Question:  Sure.  I want to ask you about this thing that arose yesterday around the Security Council meeting about the fact that the UN had granted a quote, granted a waiver to work with these two Congolese generals that are the reason given for not participating in the offensive on the FDLR (Forces Démocratiques de Libération du Rwanda).  And the, the Foreign Minister of the DRC said that in that case… in the previous case, on the LRA (Lord's Resistance Army) in Ituri, the UN had requested a waiver and it was granted.  This makes it seem like, who gives the waiver?  This is what I wanted to ask you about, which is basically:  Does MONUSCO (United Nations Organization Stabilization Mission in the Democratic Republic of the Congo) on its own reach a determination that it can waive its rules and work with generals that have these bad human rights records, or is it a request made by MONUSCO to DPKO (Department of Peacekeeping Operations) headquarters here?  Was the request made in the case of the FDLR?  And most fundamentally, if the generals are the same, what does it say that a waiver was granted to fight the LRA but not to fight the FDLR, in terms of the UN's commitment to fight the FDLR?

Deputy Spokesman:  I believe that Mr. [Martin] Kobler was asked some of this at the stakeout.  I don't really have anything to add to Mr. Kobler's own comments on this matter.  He has given his views on this.  On the case of Generals Bruno Mandevu and Sikabwe Fall, the clear point is that in accordance with our human rights due diligence policy, we cannot extend the support if we believe that support will contribute to a course of action in which human rights will be violated.  And we do not want to be supporting anything that leads to gross violations of human rights.  And we'll have to stick to that.

Question:  But the reason I'm asking is because you say that we cannot support them, but in fact, the UN did support them, knowing their records.  It granted a waiver.  That's why it ‑‑ I'm asking you, how does the waiver process work?  Is it done by Mr. Kobler?  Is it done by–

Deputy Spokesman:  Like I said, Mr. Kobler has spoken to this at the stakeout.  I just refer you to what he said.  Yes.  Yes.  Sanghwon and then Matthew.

Question:  One final clarification on the Ukraine issue.  So there are no, there are no consultations… to clarify, there are no consultations today between UN and Ukrainian officials on the peacekeeping mission?

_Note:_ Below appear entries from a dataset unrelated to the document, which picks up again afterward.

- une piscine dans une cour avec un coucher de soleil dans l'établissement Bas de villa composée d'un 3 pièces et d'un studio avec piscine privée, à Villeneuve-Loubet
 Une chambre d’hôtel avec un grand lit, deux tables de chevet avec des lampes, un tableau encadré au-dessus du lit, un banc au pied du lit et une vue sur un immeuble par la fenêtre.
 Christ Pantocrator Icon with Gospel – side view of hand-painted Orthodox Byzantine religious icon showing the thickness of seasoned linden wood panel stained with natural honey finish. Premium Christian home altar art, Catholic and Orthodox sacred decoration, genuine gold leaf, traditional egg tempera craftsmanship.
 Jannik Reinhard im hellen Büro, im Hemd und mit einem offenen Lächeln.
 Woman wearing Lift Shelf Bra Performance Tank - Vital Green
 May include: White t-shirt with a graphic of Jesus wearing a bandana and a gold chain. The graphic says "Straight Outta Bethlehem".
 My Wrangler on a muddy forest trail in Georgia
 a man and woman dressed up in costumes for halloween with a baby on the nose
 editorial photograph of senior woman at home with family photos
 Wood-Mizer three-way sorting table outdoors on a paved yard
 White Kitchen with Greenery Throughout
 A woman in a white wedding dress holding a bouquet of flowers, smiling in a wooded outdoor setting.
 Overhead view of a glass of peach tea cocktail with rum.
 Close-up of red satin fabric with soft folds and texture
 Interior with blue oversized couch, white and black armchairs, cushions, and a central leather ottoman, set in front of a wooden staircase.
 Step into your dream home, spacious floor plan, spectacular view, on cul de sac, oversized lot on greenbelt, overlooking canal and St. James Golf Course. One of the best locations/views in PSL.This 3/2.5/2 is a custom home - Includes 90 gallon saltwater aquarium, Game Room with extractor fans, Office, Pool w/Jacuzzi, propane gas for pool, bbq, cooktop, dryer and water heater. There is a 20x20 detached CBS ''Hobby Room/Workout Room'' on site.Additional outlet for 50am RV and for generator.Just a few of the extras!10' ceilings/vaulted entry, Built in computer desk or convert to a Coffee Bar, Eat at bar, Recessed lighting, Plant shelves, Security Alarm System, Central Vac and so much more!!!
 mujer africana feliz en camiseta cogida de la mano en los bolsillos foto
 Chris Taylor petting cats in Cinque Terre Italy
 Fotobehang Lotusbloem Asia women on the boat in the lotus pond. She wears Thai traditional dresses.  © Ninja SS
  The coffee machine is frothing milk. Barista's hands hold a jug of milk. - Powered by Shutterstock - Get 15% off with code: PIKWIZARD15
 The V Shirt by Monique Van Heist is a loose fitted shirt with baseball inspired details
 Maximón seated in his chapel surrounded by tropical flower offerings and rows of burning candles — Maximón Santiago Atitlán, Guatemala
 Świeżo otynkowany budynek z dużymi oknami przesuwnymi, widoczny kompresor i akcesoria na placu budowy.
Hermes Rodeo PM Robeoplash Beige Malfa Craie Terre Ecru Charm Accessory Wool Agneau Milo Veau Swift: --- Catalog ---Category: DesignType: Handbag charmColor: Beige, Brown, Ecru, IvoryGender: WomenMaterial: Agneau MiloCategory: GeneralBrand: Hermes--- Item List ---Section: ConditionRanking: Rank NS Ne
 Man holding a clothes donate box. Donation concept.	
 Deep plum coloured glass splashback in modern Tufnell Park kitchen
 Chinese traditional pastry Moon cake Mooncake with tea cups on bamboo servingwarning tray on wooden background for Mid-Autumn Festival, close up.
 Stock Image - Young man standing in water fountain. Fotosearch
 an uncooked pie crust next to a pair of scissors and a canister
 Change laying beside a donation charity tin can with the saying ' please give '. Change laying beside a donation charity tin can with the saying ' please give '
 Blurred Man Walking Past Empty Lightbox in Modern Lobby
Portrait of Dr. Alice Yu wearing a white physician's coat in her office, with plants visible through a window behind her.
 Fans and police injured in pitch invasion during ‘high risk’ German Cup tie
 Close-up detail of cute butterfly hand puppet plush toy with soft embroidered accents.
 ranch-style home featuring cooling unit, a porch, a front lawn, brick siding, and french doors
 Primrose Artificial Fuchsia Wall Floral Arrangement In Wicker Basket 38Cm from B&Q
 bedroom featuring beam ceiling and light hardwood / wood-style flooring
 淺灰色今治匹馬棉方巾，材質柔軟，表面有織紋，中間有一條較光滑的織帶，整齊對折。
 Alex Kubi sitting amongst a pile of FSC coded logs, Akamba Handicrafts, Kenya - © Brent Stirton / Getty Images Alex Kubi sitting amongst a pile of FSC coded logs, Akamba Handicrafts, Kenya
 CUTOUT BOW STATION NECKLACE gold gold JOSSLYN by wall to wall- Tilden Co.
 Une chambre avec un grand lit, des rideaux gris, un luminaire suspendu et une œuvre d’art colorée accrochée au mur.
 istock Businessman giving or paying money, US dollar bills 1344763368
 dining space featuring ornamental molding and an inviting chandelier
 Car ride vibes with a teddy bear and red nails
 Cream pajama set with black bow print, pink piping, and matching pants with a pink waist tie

Deputy Spokesman:  That's not necessarily the case.  There's certain… we are… we're in touch on a number of issues, but the position is, as I've just said, that right now, our policy is to focus on the full implementation of the 12 February package of measures; and in line with that, the UN will continue to increase our support to the OSCE as appropriate with a view to doing anything possible to reinforce efforts to de‑escalate the situation and ensure a durable peace.

Question:  I have a separate question on the Secretary-General's own readout on the call with the Israeli Prime Minister.  What does he think is the best way for Israel to renew its commitments to the two‑State solution and does he think a Security Council resolution reaffirming that the two‑State solution is the way forward would be helpful?

Deputy Spokesman:  Well, as you know, the question of Security Council resolution is firmly in the hands of the members of the Council and we'll leave that to them; but he did discuss the issue with the Prime Minister of Israel today, and let's see what Israel can do.  Matthew?

Question:  Hi, Farhan.  On this International Day of Happiness, it is reported there are an unprecedented number of refugees since World War II.  Does the Secretary‑General's office have a message to the refugees struggling in this unprecedented numbers in 70 years?

Deputy Spokesman:  Well, we've been very concerned about this and we want nations to do more to take care of the needs of all these refugees.  Obviously, this is a… that's a completely horrific situation, for so many people to be adrift; and one of the things we're trying to do with a day like today is to show the plight of all the people who are suffering uniquely, whether it's from natural disasters, whether it's from political conflicts or others, and we do want people on this Day of Happiness to remember those people whose needs are very great and who are currently suffering and need other people's help.  Yeah?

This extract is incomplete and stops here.